Plans are comforting. Neat to-do lists, 10-step outlines, and orderly pro-and-con comparisons help to tame our anxiety and offer the feeling of being in control--that's why they're so popular.
These techniques certainly have their place, but they're not what you need if you want to fundamentally change your life. What you need is something entirely different: a moment of chaos and uncertainty.
Or to put it another way, what you need is an "inflection point," according to a new book on the thinking of Harvard Business School professor Howard Stevenson.
An excerpt of Howard's Gift: Uncommon Wisdom to Inspire Your Life's Work, by Eric C. Sinoway, was published on HBS's Working Knowledge recently, and it contained a bit of wisdom for those seeking profound rather than incremental change in their lives.
Climbing slowly up the road in front of you is one thing, but if instead you want to change paths--for example, by making the leap from employee to business owner or taking your company is a new direction--you need to spot a moment when the situation is fluid and the future is unclear and make the most of it.
Stevenson called these moments "inflection points," writes Sinoway, who offers a story to illustrate the idea. During a walk with Stevenson, Sinoway told him about his friend Michelle whose boss and mentor had unexpectedly announced her retirement:
Despite Michelle's success, she felt that her future was uncertain now that her professional champion was departing...She felt frozen…For the first time in her career, she didn't know what to do.
Michelle's plan, I explained to him, was to keep her head down and wait to see how the department might be reshaped.
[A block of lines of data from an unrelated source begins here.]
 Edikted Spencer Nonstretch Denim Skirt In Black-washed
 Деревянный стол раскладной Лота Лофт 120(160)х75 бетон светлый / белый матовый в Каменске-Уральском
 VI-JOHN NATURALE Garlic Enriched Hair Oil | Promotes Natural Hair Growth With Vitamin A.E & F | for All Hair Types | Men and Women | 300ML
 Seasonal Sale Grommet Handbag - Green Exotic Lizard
After she learned what opportunities would be presented to her as part of the potential reorganization, she would decide what to do next….
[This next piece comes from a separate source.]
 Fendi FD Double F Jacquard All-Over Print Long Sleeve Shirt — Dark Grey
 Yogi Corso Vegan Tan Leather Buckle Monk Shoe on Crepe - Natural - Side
When I finished the story, Howard shook his head, kicked a pinecone out of his path, and grumbled, "Wasting a good opportunity."
"Her problem is that no one has clarified what her options might be," I explained.
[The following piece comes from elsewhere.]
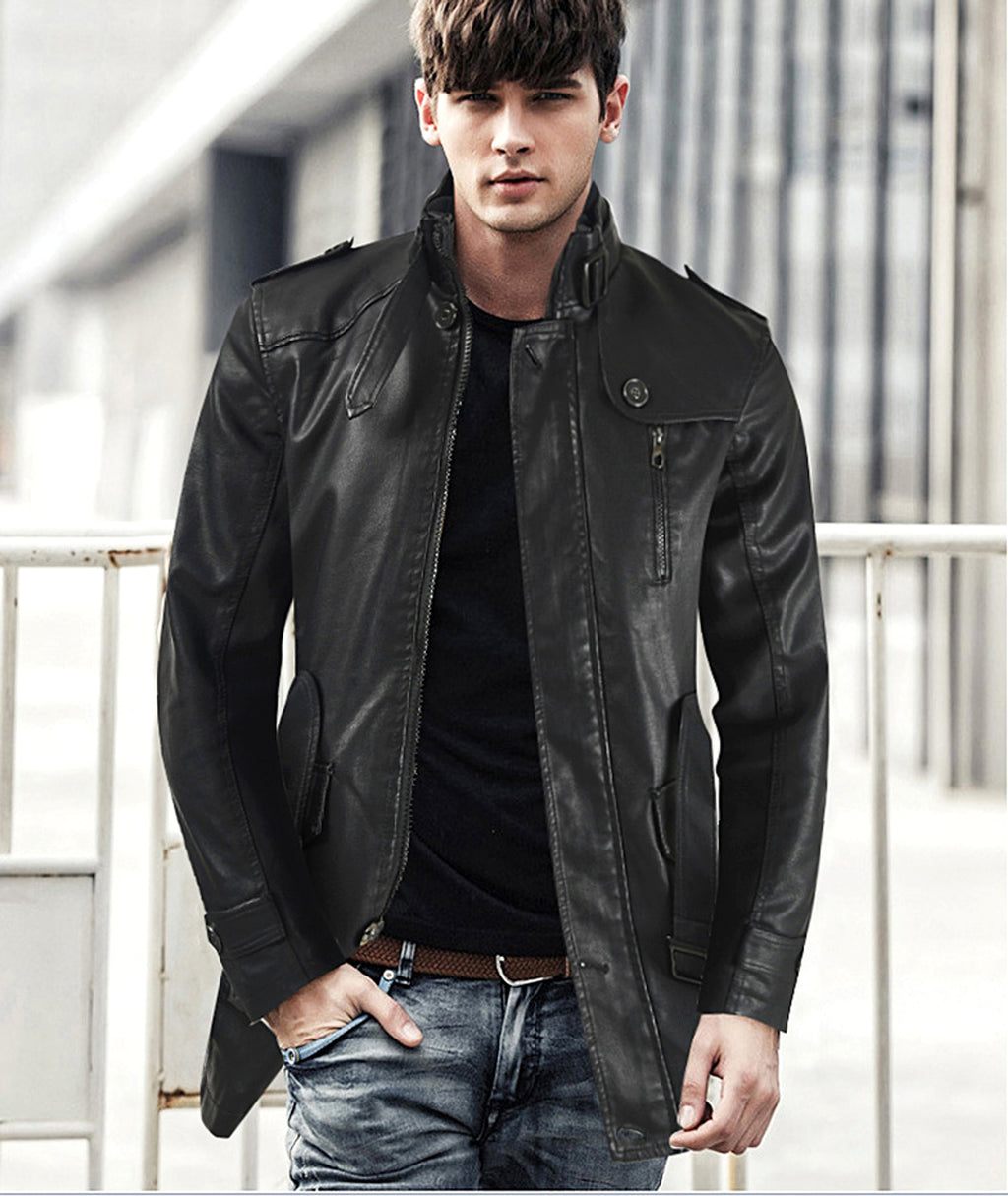 Men's Mid-length Stand-up Collar Slim Large Size Leather Trench Coat - enhanced image 1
Howard stopped and gently poked me in the chest. "No. Her problem is that she doesn't recognize the opportunity staring her in the face."
"She's waiting for someone to decide her fate for her," Howard remarked. "She doesn't realize that she's being given a gift."
"What kind of gift?"
"An inflection point," he said. "In Michelle's case, it's coming at a moment in time when the structures are removed and the rules are suspended. A moment in which she can reflect inwardly about what she wants, and then act to redefine the situation in such a way as to help her accomplish it."
Planning and preparation are often necessary and help things proceed comfortably, but for real change you need to allow yourself to come out of the bunker of your blueprints and your comfort zone. Don't hunker down and simply endure uncertain situations. Instead, approach them as opportunities to be seized--even if that's the scarier alternative, as Stevenson realized.
"Opportunity provided by an inflection point is a lot easier to overlook or ignore--until the window for action passes. As a result, most people are like Michelle: They won't realize they're at an inflection point until it has passed," Stevenson said, according to Sinoway.
"Very few people see inflection points as the opportunities they often are: catalysts for changing their lives; moments when a person can modify the trajectory he or she is on," Stevenson concluded.
Are you crisis managing your way through your inflection points rather than taking advantage of them?